Zu beachten ist sodann, dass die Selbstanzeige eines Steuerpflichtigen nicht automatisch auch die Straffreiheit von Teilnehmern wie Anstiftern, Gehilfen oder Mittätern zur Folge hat: diese müssen sich ebenfalls von sich aus anzeigen. Umgekehrt führt die straflose Selbstanzeige eines Gehilfen oder sonstigen Teilnehmers nicht zur Straflosigkeit des Täters, d.h. des Steuerpflichtigen selber; dieser muss sich ebenfalls selber anzeigen. Zeigen die Organe einer juristischen Person eine Steuerhinterziehung für die juristische Person selber an, so entfaltet die Selbstanzeige aber immerhin sowohl für die juristische Person selber als auch für die aktuellen und selbst für ausgeschiedene Organe strafbefreiende Wirkung (vorausgesetzt, die übrigen Voraussetzungen sind erfüllt). Auch ausgeschiedene Organe können eine Selbstanzeige sowohl für sich selber als auch für die übrigen aktuellen und ausgeschiedenen Organe einreichen.

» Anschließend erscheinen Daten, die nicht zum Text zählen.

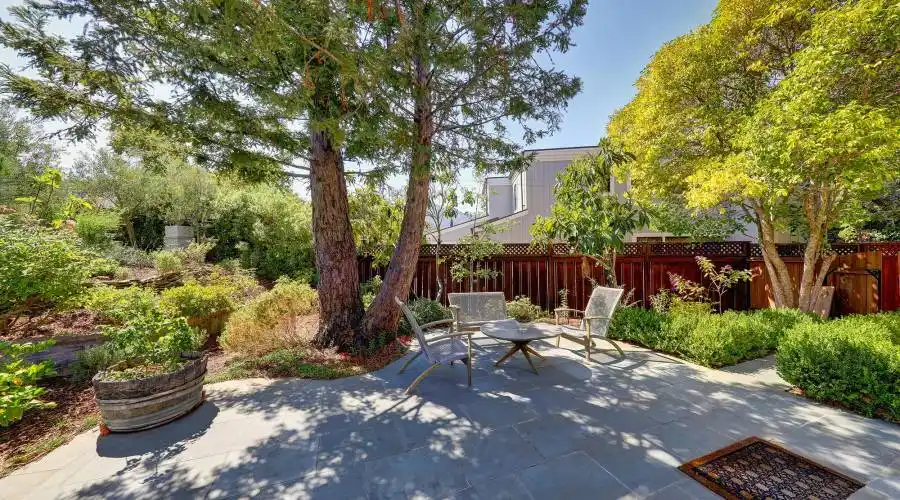 59 Meadowood Dr, Larkspur, California 94939, United States, 4 Bedrooms Bedrooms, ,2.5 BathroomsBathrooms,Residential,For Sale,59 Meadowood Dr,1147592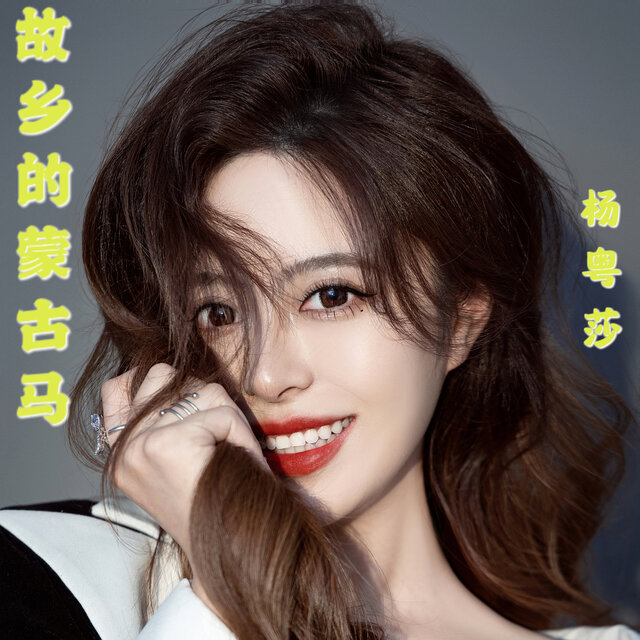 故乡的蒙古马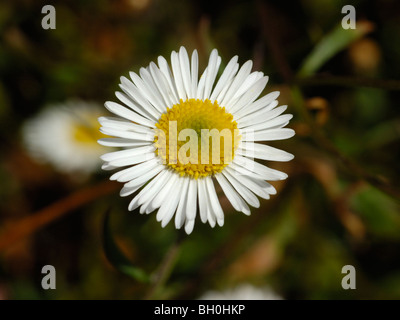 Daisy Fleabane mexicain ou un mur, Erigeron karvinskianus Banque D'Images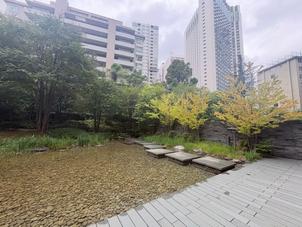 広く立派な庭園。飛び石を渡ってのサプライズ入場ができる。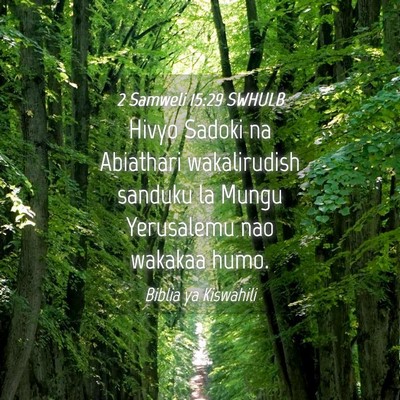 Picture 04 - 2 Samweli 15:29 SWHULB - Hivyo Sadoki na Abiathari wakalirudish sanduku la - Bible Verse Picture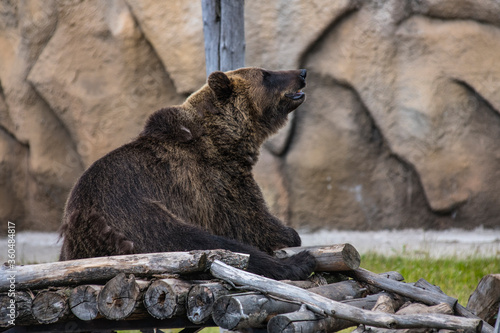 a bear sits on a wooden floor in the zoo in the summer photo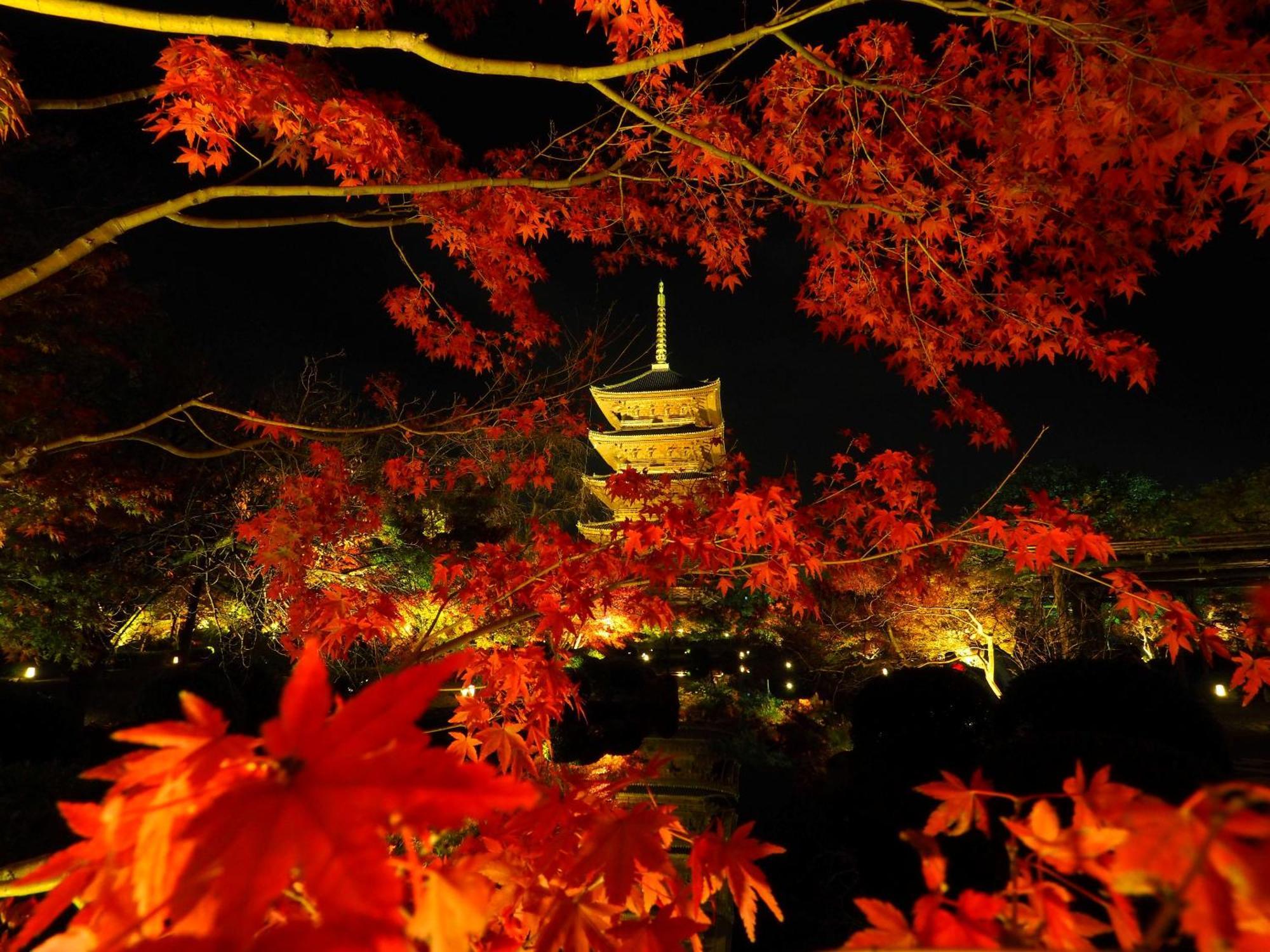 Stay Sakura Kyoto Higashi Hongan-Ji I Kültér fotó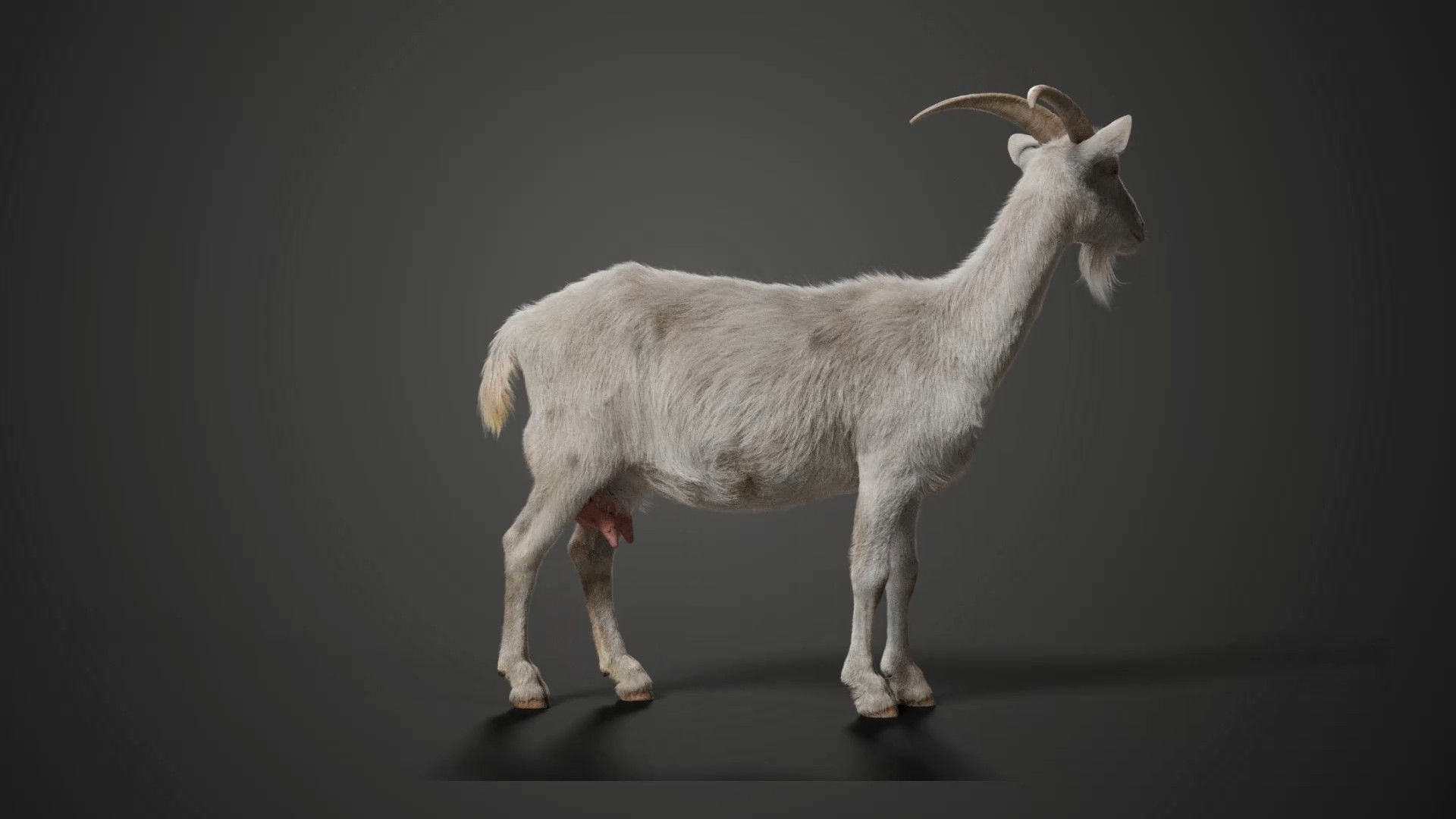 Goat 01 Animated VFX Grace 3D model_11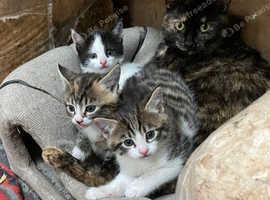 Kittens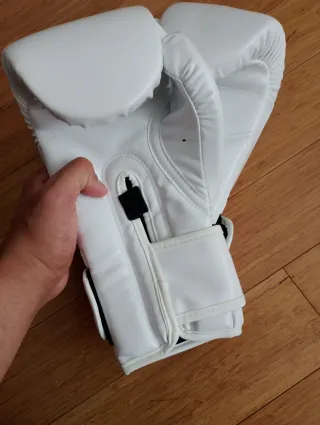 Guantes Fairtex 10 oz Muay Thai Nuevos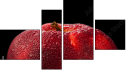 Fortyk - Obraz czteroczęściowy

Soll im Geschäftsvermögensbereich somit eine Selbstanzeige eingereicht werden, was nota bene immer zu empfehlen ist, wenn sich herausstellt, dass die Bücher bzw. das ausgewiesene Ergebnis nicht den tatsächlichen Verhältnissen entsprechen, muss sorgfältig geprüft werden, welche Steuerarten betroffen sind, welche Personen (natürliche und ggf. juristische Person) von der Straflosigkeit mitumfasst werden, und welche nicht. Je nach betroffenen Steuerarten muss die Selbstanzeige, um wirklich strafbefreiend zu wirken, bei sämtlichen zuständigen Steuerbehörden eingereicht werden. Sodann empfiehlt es sich, die Einreichung der Selbstanzeige mehrerer Teilnehmer zu koordinieren und dann gleichzeitig einzureichen, um zu vermeiden, dass ggf. eine Selbstanzeige eines Täters oder Teilnehmers zur Eröffnung eines Steuerstrafverfahrens gegen einen anderen Teilnehmer führt. Dies wäre der weiteren gemeinsamen Geschäftstätigkeit wenig förderlich.

Weitere Straftatbestände

Wurden im bzw. zwecks eines Steuerbetrugs Urkundendelikte begangen, bspw. gefälschte Belege verwendet, so konsumiert der Tatbestand des Steuerbetrugs üblicherweise solche weiteren Straftatbestände. Somit bleiben auch diese straflos. Dies gilt allerdings nicht für sämtliche Rechtsbereiche: führte die Nichtdeklaration von Einkünften oder Vermögenswerten etwa dazu, dass eine natürliche Person zu Unrecht Sozialleistungen beziehen konnte, so sehen die diesbezüglichen Gesetze keine Straflosigkeit vor. Es darf aber davon ausgegangen werden, dass im Fall, da eine straflose Selbstanzeige aus eigenem Antrieb erfolgt, zumindest ein Strafmilderungsgrund anerkannt wird.